- _DATA EXTRACT_
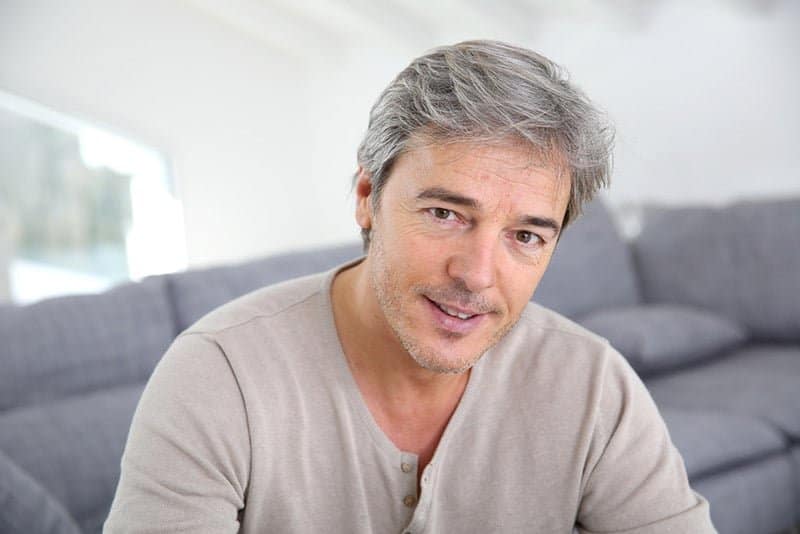 Homme souriant et épanoui vers 50 ans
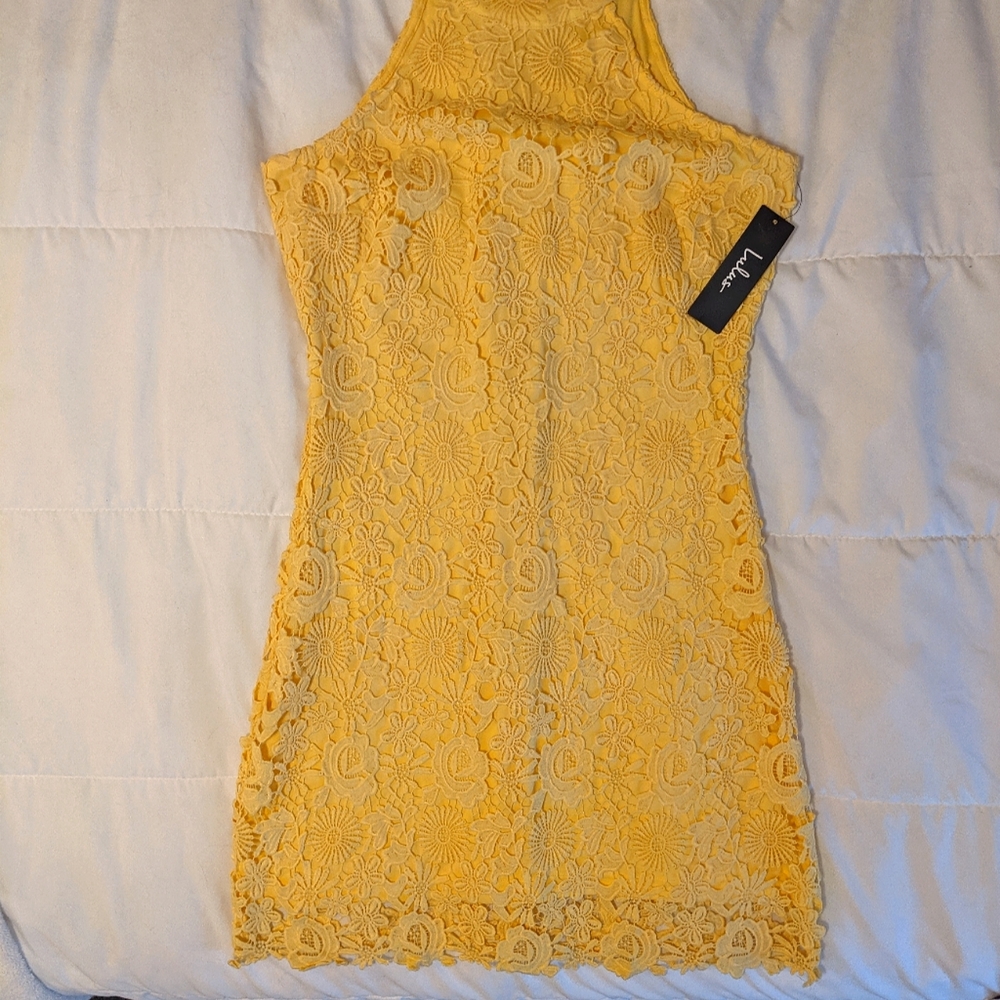 Love Poem Yellow Lace Mini Rating: 4.8496 of 5
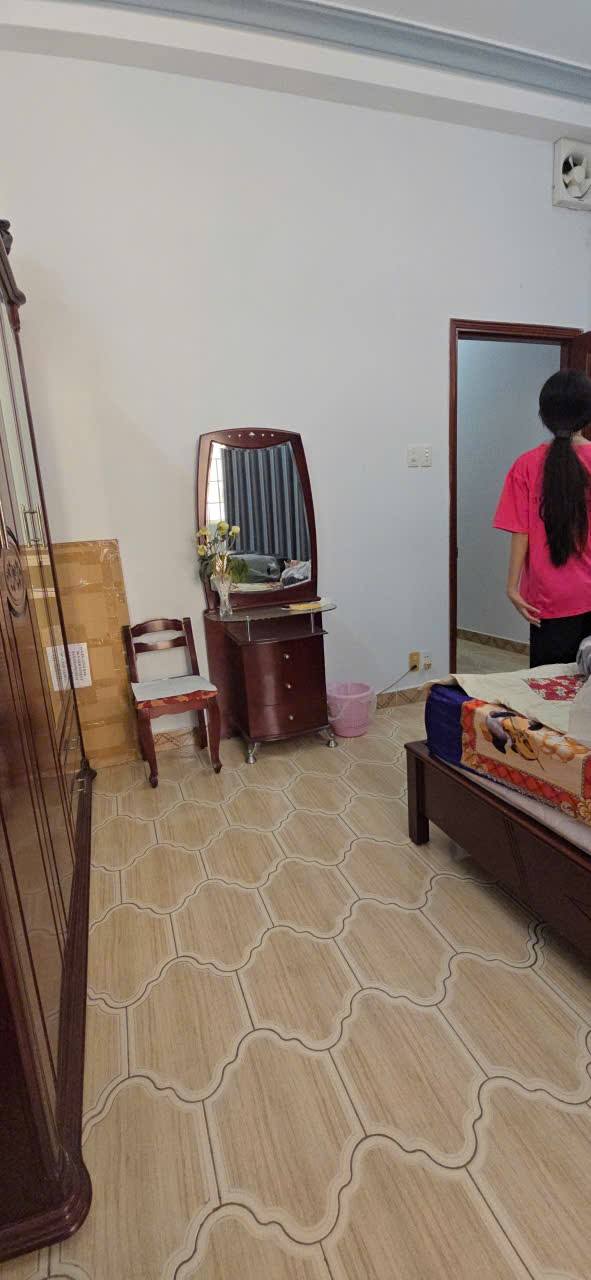 Nhà Mặt Tiền Nguyễn Tuyết Quận 10 - 40m² - Sổ Hồng Chính Chủ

- _WHAT NEEDS TO BE DONE_
When you set down the material above, keep every word exact and include no pictures.

- _WRITTEN ANSWER_
 Homme souriant et épanoui vers 50 ans
 Love Poem Yellow Lace Mini Rating: 4.8496 of 5
 Nhà Mặt Tiền Nguyễn Tuyết Quận 10 - 40m² - Sổ Hồng Chính Chủ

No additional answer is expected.